Kim Aho said their son was “a little freaked out about the gator.”
The child had waded no more than one or two feet into the water of the Seven Seas Lagoon around nightfall Tuesday when he was taken from a small beach, authorities said. The Nebraska family of four was on vacation at a Disney World resort.
The boy’s father desperately tried to fight off the gator, suffering lacerations on a hand, but he could not save his son. Neither could a nearby lifeguard, officials said.
“No swimming” signs were posted at the beach, but the child was wading, not swimming, said Jeff Williamson, a spokesman for the Orange County Sheriff’s Department.
Demings said there have been no other alligator attacks on the lake.
Some visitors were surprised to learn the reptiles lived on the property.
“My question is why are there alligators in there?” said Michelle Stone, who lives near Detroit and was visiting Disney for 10 days with her two children.
A Disney spokeswoman did not immediately return a message seeking comment. The sheriff said the company has a wildlife management system and has “worked diligently to ensure their guests are not unduly exposed to wildlife here in this area.”
Nick Wiley with the Florida Fish and Wildlife Conservation Commission said witnesses estimated that the alligator was four feet to seven feet long.

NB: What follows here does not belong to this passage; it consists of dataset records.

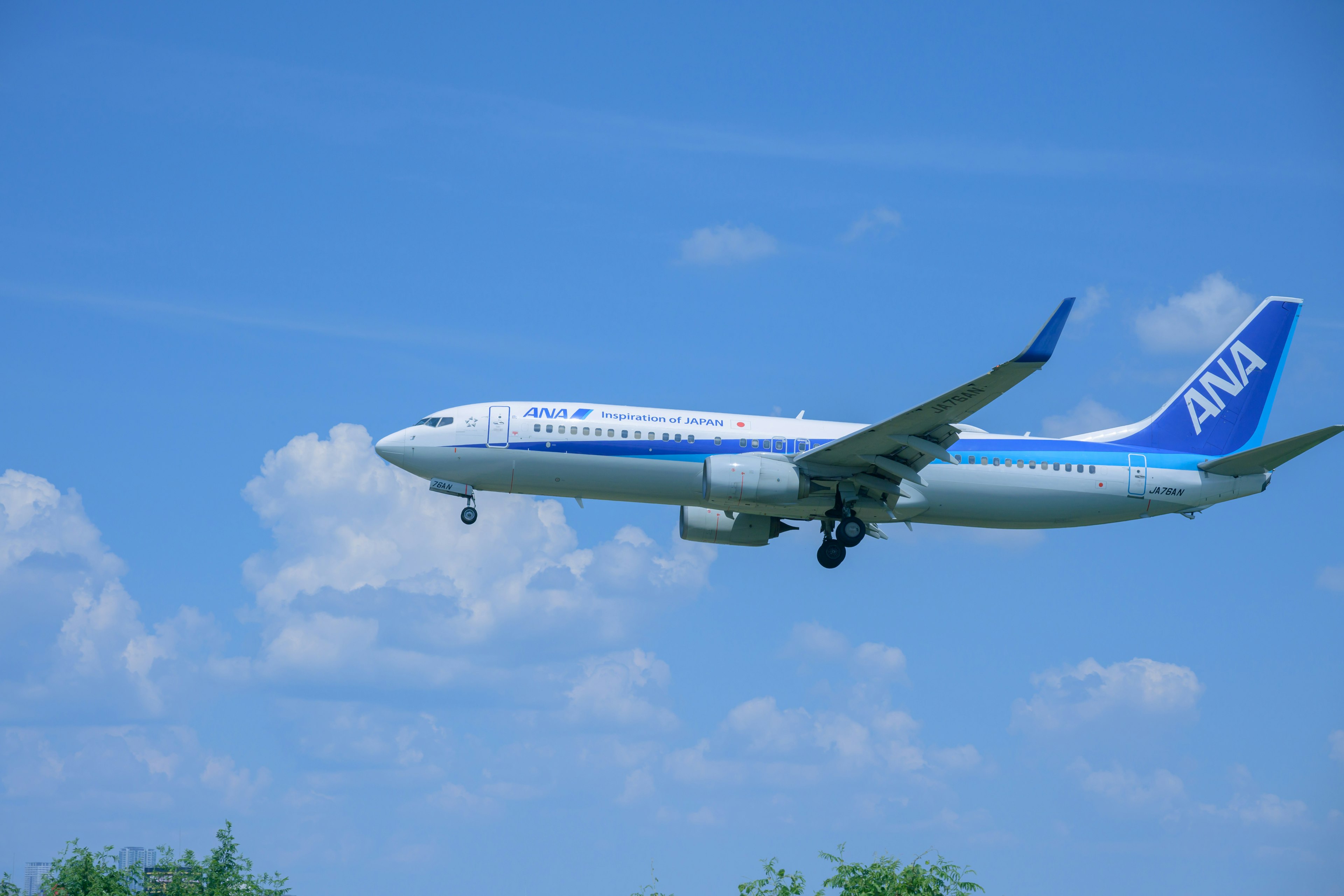 Avión de ANA volando contra un cielo azul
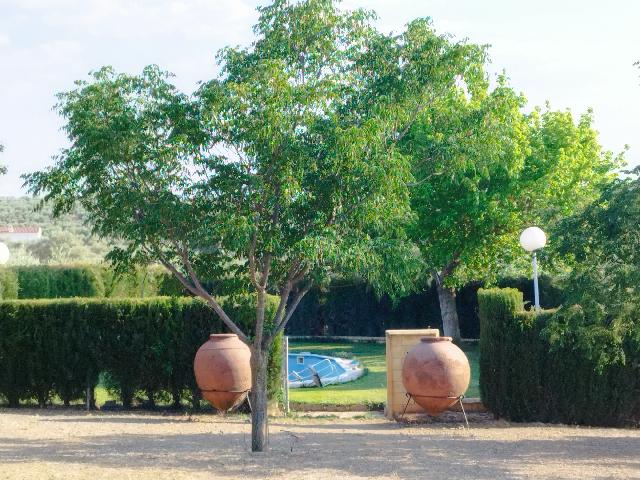 Imagen 8 Inmueble 304327 - Casa Rústica en venta en Berlanga / En la carretera de Maguilla en el Pozo de la Milla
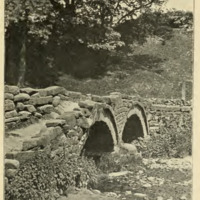 mta_24824_OBJ.png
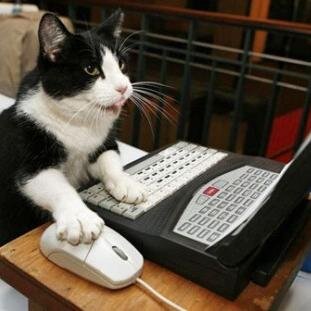 WoW Software Engineer
This is my personal account; views expressed are my own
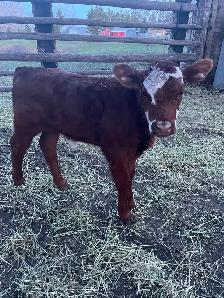 Beef Calf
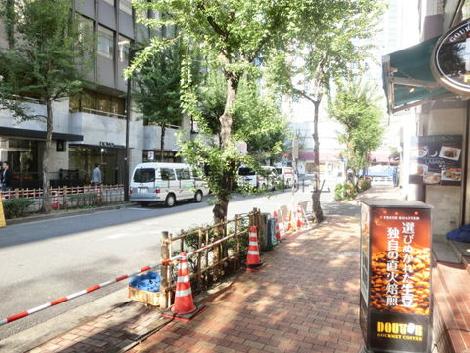 玄関前の街路樹が立ち並ぶエリア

The beach where the reptile grabbed the child is part of the luxury Grand Floridian resort, across the lake from Disney’s Magic Kingdom theme park. The man-made lake stretches over about 200 acres and reaches a depth of 14 feet. It feeds into a series of canals that wind through the entire Disney property.
More than 50 law enforcement personnel searched the well-tended lagoon along with an alligator tracker and marine units equipped with sonar to search the lake’s sandy, mostly flat bottom. Divers were standing by.
Though Florida has grown to the nation’s third-most populous state, fatal alligator attacks remain rare. Since 1973, 23 people have been killed by wild alligators in Florida, according to data compiled by the Florida Fish and Wildlife Conservation Commission. Those fatalities were among 383 unprovoked bites not caused by someone handling or intentionally harassing an alligator.
Eight children, ages two to 16, were among the fatalities. Five died while swimming in lakes, rivers and canals. The youngest victims were killed near lakes, including a two-year-old girl who wandered 700 feet from her fenced backyard and a three-year-old boy who left a roped-off swimming area in a county park to pick lily pads.
The grim news was only the latest for a city buffeted by tragedy in the past few days.
On Sunday, a gunman opened fire at a gay nightclub in Orlando, leaving 49 people dead in the worst mass shooting in modern U.S. history. On Friday night, Christina Grimmie, 22, a contestant on season six of “The Voice,” was fatally shot as she signed autographs after a show in Orlando.